Along with rocketing energy prices – inflation has been the hot topic on everyone’s lips at the start of 2022. But first, let’s establish what the term actually means. Inflation is the measure of how much the cost of living is rising, or falling, and is tracked by a ‘basket of goods’ made up of everyday items. The goods are compared against the price of the same items from the previous year – this gives us the rate of inflation.

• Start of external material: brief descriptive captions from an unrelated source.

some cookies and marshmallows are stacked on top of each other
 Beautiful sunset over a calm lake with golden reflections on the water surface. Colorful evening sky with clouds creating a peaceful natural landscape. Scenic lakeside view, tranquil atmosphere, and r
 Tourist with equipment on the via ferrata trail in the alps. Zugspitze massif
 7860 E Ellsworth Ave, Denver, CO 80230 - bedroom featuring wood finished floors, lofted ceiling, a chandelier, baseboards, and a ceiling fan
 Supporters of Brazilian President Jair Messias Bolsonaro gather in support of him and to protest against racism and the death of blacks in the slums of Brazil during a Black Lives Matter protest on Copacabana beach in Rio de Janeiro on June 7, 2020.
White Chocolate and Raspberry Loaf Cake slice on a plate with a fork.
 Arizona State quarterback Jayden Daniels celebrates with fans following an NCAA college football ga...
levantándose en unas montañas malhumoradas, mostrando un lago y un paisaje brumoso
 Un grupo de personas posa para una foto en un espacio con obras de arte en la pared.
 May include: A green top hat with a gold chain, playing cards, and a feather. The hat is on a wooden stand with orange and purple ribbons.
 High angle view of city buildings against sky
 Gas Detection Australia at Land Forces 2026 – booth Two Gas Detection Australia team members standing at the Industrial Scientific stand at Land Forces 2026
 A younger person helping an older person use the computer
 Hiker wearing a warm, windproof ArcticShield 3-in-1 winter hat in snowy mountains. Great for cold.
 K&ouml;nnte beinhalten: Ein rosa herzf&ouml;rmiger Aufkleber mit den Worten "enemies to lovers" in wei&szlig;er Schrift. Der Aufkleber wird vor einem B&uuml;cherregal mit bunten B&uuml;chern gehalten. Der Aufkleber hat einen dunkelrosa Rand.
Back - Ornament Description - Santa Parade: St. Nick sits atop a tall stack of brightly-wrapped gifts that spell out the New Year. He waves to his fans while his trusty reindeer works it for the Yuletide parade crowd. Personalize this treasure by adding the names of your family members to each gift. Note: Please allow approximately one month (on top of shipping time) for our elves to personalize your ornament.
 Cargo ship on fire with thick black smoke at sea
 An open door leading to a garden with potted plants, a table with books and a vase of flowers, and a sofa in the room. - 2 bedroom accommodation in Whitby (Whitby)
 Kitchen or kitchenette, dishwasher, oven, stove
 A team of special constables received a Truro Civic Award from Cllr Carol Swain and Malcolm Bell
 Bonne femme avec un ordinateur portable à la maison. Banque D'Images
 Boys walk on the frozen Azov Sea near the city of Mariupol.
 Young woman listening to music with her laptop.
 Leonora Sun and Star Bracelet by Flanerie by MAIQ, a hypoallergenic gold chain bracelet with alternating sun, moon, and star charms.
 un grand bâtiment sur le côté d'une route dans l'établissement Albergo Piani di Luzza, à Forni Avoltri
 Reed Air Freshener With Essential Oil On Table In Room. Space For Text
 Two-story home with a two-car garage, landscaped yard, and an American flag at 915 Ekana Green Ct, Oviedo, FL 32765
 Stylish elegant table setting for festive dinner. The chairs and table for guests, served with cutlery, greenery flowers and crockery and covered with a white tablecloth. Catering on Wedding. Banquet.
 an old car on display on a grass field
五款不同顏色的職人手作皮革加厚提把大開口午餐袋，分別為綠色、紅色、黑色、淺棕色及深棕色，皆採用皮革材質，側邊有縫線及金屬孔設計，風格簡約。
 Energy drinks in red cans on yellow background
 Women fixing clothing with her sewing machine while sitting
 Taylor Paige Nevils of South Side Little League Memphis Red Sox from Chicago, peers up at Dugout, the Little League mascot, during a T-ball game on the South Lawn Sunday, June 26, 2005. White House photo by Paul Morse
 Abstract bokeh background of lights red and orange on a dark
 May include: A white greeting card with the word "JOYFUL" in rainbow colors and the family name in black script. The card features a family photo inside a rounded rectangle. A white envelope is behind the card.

But as Jack Monroe recently pointed out, the previous ‘basket of goods’ approach did little to factor in the items that are so vital for low income households. While it’s all well and good knowing how much more expensive a hotel room or garden tools have become in the last 12 months, for many, it’s information that isn’t really that useful. Whereas the price of everyday food products and basic essentials are what we really need to know about. And as the anti-poverty campaigner and author recently summarised in a series of tweets, it’s these everyday essentials that are seeing the largest inflation.
What does this mean for me?
As has become the unfortunate norm, the changes will likely hit pensioners, those on low incomes and the unemployed the hardest. These groups are more likely to receive pay increases at a lower rate – if any rate at all. The sad reality is, that while inflation rates are the same across the whole of the UK, geographical and financial differences mean that no two people are affected in the same way.
Inflation doesn’t only affect your spending – it affects your saving too. Those that have money in interest bearing accounts will also be hit by inflation. This is all calculated by the ‘real rate of return’, which measures the interest rate you get from the bank, minus the rate of inflation at the time. So how does this affect my savings?
Well if you’re lucky enough to have an interest rate of 1% on your money in the bank, then that percentage is taken away from the current national inflation rate, which stands at 5.4%. Meaning the value of your money will be reducing by 4.4% year on year.
Can I do anything to improve this?
If you have cash savings, you could potentially look to tie up your money into a fixed rate deposit, which pays the same level of interest for the whole of the agreed term. Alternatively, if you don’t need access to your cash to accumulate a better rate, then a Premium Bond might be something else to consider.
And for those with investments, you may need to take a higher risk in order to achieve the best return possible to offset inflation.
What happens next?
It’s difficult to predict how long inflation will last as there are a lot of moving parts that determine it such as changes in exchange rates, change in demand for goods, and the Government trying to manage national debt. However, the Bank of England predicts that we will continue to see an increase in the first part of 2022 to about 6%, before slowly starting to decrease again.
And as well as there being a number of causes for inflation, there are a number of ways to help combat it too – it’s just a case of finding a way that works best for you and those around you.